*** Block opens ***

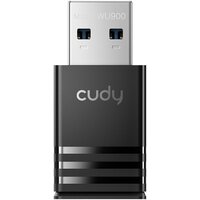 Wi-Fi/Bluetooth адаптер Cudy WU900 1.0 - Превью изображения №2 — Интернет-магазин ПроЗаказ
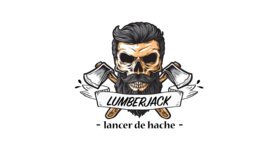 Lumberjack Logo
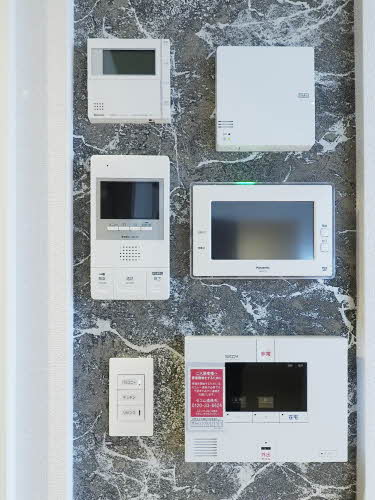 クレスティーク桂 0302号-10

*** Block closes ***

_EXERCISE PROMPT_
Without changing a single word, set down all of the material again and leave out its pictures.

_TASK ANSWER_
 Wi-Fi/Bluetooth адаптер Cudy WU900 1.0 - Превью изображения №2 — Интернет-магазин ПроЗаказ
 Lumberjack Logo
 クレスティーク桂 0302号-10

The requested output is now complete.